Cost analysis for the second case scenario

Fig. 8
figure 8

Benefits analysis for the second case scenario

4 Challenges and Open Research Issues

The rise and development of social networks, multimedia, electronic commerce (e-Commerce) and cloud computing have increased considerably the data. Additionally, since the needs of enterprise analytics are constantly growing, the conventional hub-and-spoke architectures cannot satisfy the demands and, therefore, new and enhanced architectures are necessary [15]. In this context, new challenges and open research issues are encountered, including storage, capture, processing, filtering, analysis, curation, search, sharing, visualization, querying and privacy of the very large volumes of data. The aforementioned issues are categorized and elaborated as follows [11]:

  • Data storage and management: Since big data are dependent on extensive storage capacity and data volumes grow exponentially, the current data management systems cannot satisfy the needs of big data due to limited storage capacity.
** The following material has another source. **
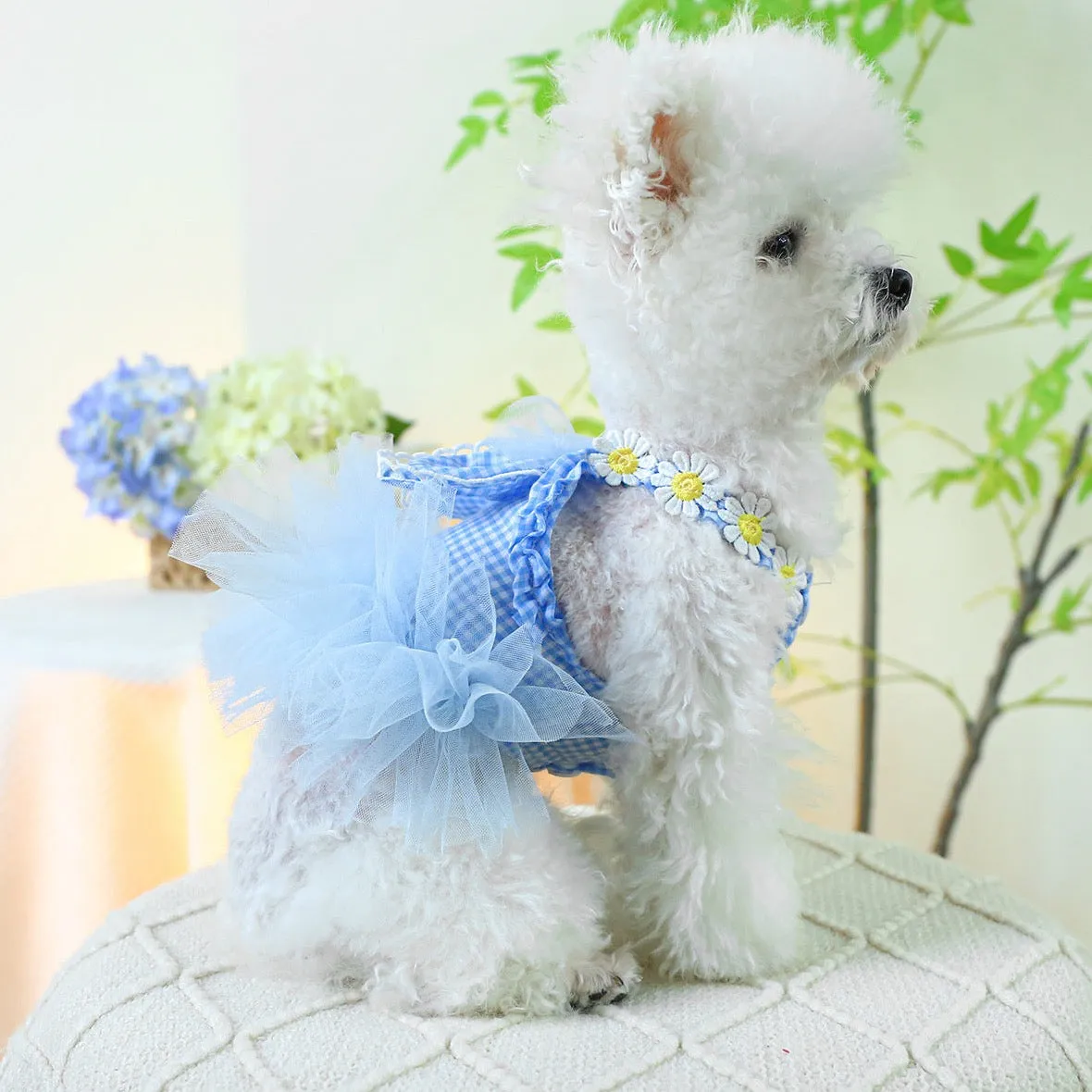 Bunny Ears Sleeveless Summer Dress – Adorable & Lightweight Pet Outfit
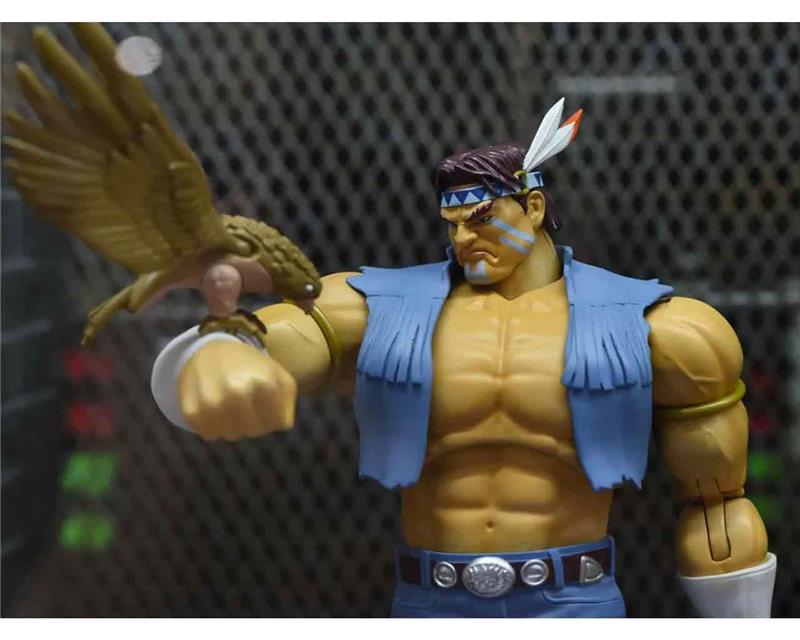 1/12 STREET FIGHTER II - HAWK - DE LUXE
In addition, the existing algorithms are not able to store data effectively because of the heterogeneity of big data.

  • Data transmission and curation: Since network bandwidth capacity is the major drawback in the cloud, data transmission is a challenge to overcome, especially when the volume of data is very large. For managing large-scale and structured datasets, data warehouses and data marts are good approaches. Data warehouses are relational database systems that enable the data storage, analysis and reporting, while the data marts are based on data warehouses and facilitate the analysis of them. In this context, NoSQL databases [19] were introduced as a potential technology for large and distributed data management and database design. The major advantage of NoSQL databases is the schema-free orientation, which enables the quick modification of the structure of data and avoids rewriting the tables.

  • Data processing and analysis: Query response time is a significant issue in big data, as adequate time is needed when traversing data in a database and performing real-time analytics. A flexible and reconfigured grid along with the big data preprocessing enhancement and consolidation of application- and data-parallelization schemes can be more effective approaches for extracting more meaningful knowledge from the given data sets.

  • Data privacy and security: Since the host of data or other critical operations can be performed by third-party services or infrastructures, security issues are witnessed with respect to big data storage and processing. The current technologies used in data security are mainly static data-oriented, although big data entails dynamic change of current and additional data or variations in attributes. Privacy-preserving data mining without exposing sensitive personal information is another challenging field to be investigated.

5 Summary and Conclusion

Since networking is ubiquitous and vast amounts of data are now available, big data is envisioned to be the tool for productivity growth, innovation and consumer surplus. Huge opportunities related to advanced big data analytics and business intelligence are at the forefront of research, focusing on the investigation of innovative business-centric methodologies that can transform various sectors and industries, such as e-commerce, market intelligence, e-government, healthcare and security [4, 29, 31, 54]. To this end, this tutorial paper discusses the current big data research and points out the research challenges and opportunities in this field by exploiting cloud computing technologies and building new models [5, 6, 16, 18, 3336]. A cost-benefit analysis is also performed towards measuring the long-term benefits of adopting big data-as-a-service business models in order to support data-driven decision making and communicate the findings to non-technical stakeholders.